Other than that, how did you like the play, Mrs Lincoln.:D

It has helped me to read all of these descriptions, to revisit some of my own neuro symptoms, since I am focused more (too much) on my rare blood diseases these days,
which add to the foot neuropathy very badly.

It seems many of you---almost all of you--have the same acute and occasionally stabbing pain, as well as numbness (how to have both stabbing pain and numbness) that I have. Mine is primarily in my feet. It seems to be a combination of neuropathy and
erythromelalgia, a condition where the microvascular things in the extremities get clogged with too much blood or too sticky blood or too thick blood (doctors seem vague on what this is). If I take Interferon chemotherapy, the feet improve a lot, but the INF
has horrible side effects....absolutely awful.

I also have had loss of balance, but it helps to do Balance PT, which I am again involved in now....PT always provides help for me even where I thought it impossible. My balance
was pretty good most of my life but now it's much less good, so I have to be careful.
Again, I do not know which of my diseases causes the imbalance...maybe all of them.

Spasticity, which a few of you described, is my most characteristic response to a drug or
food which is bad for me--which may be primarily a Porphyria sensitivity rather than MS.
I get very spastic, too, if I don't have enough magnesium and calcium in my diet, and B1
helps too. I got so spastic on one drug, an antibiotic which I forget the name of, that I could not walk around a corner and I lost all color vision.

I had a long period of eye trouble but it is mostly gone now, for many years. things have changed and morphed a lot for me. Like Sally, I have had MS and or the "other thing" for way over 50 years, and I am plumb sick of the whole thing. But I have enough good food (Swank diet) and warm house and occasionally see my grandkids, and have hope in God, so I am ready for the last lap (but wish I didn't have to take it).

Quote:

Originally Posted by Mariel (Post 769320)

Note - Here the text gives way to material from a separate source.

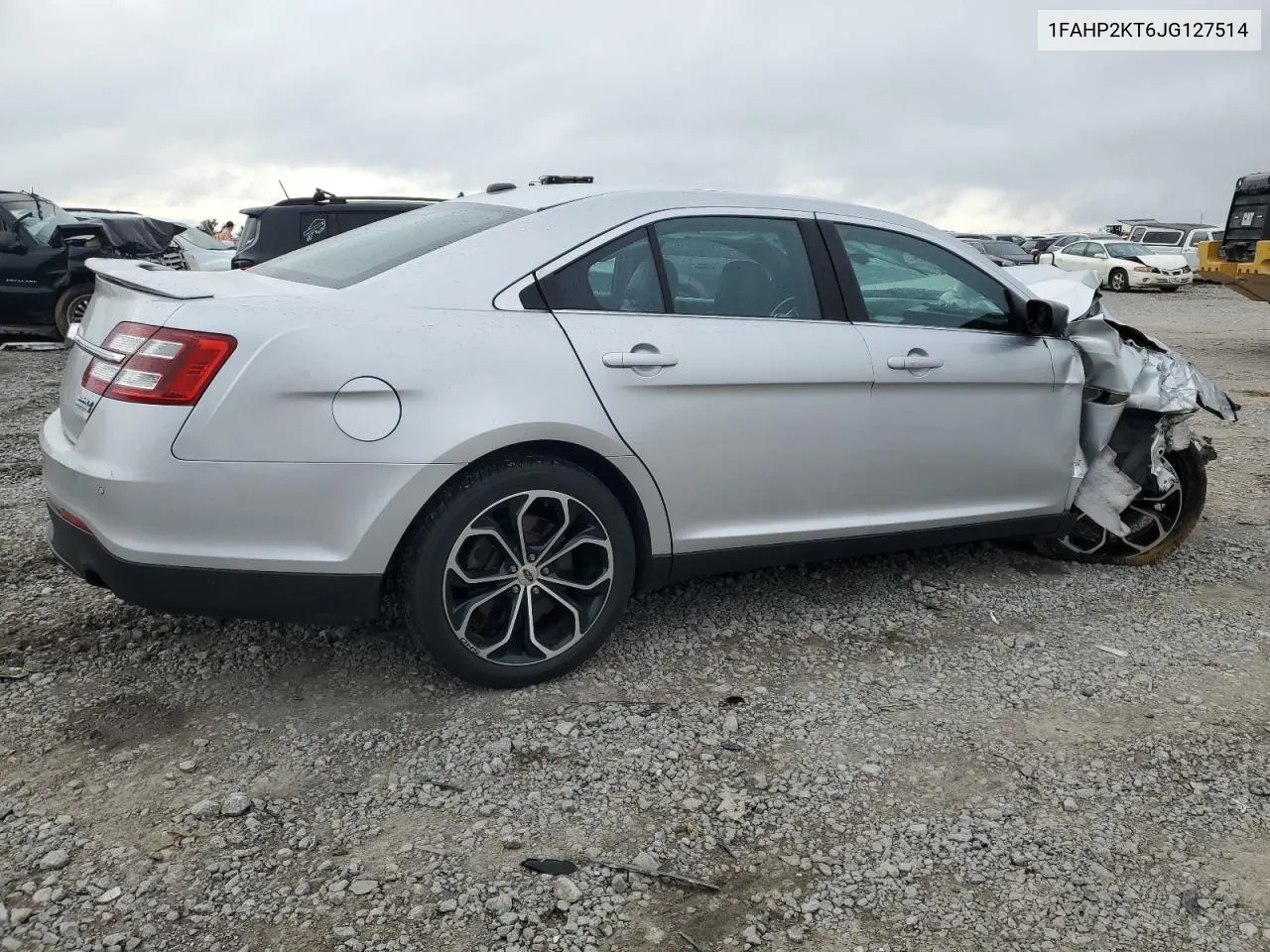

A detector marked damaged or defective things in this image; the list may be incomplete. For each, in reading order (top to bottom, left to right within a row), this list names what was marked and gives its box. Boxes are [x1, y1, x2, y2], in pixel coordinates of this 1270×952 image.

Like Sally, I have had MS and or the "other thing" for way over 50 years, and I am plumb sick of the whole thing. But I have enough good food (Swank diet) and warm house and occasionally see my grandkids, and have hope in God, so I am ready for the last lap (but wish I didn't have to take it).

We all have to take that last lap, Mariel, but I feel that we may not have to spend as much time in purgatory and swoosh right into heaven..:D :hug:

Good thought, Sally! And those are beautiful May flowers.
Today my neighbor brought some plants to put in my long
planter in front of the house. I have not been filling it with
flowers, even though I'd like to, because it's one more journey
to take with my sore feet, to go buy the plants, get them in
and out of the car, dig up the dirt, and put in the plants. My
neighbor started the planter and says she will get more plants
for me every time she buys for herself...and she buys lots.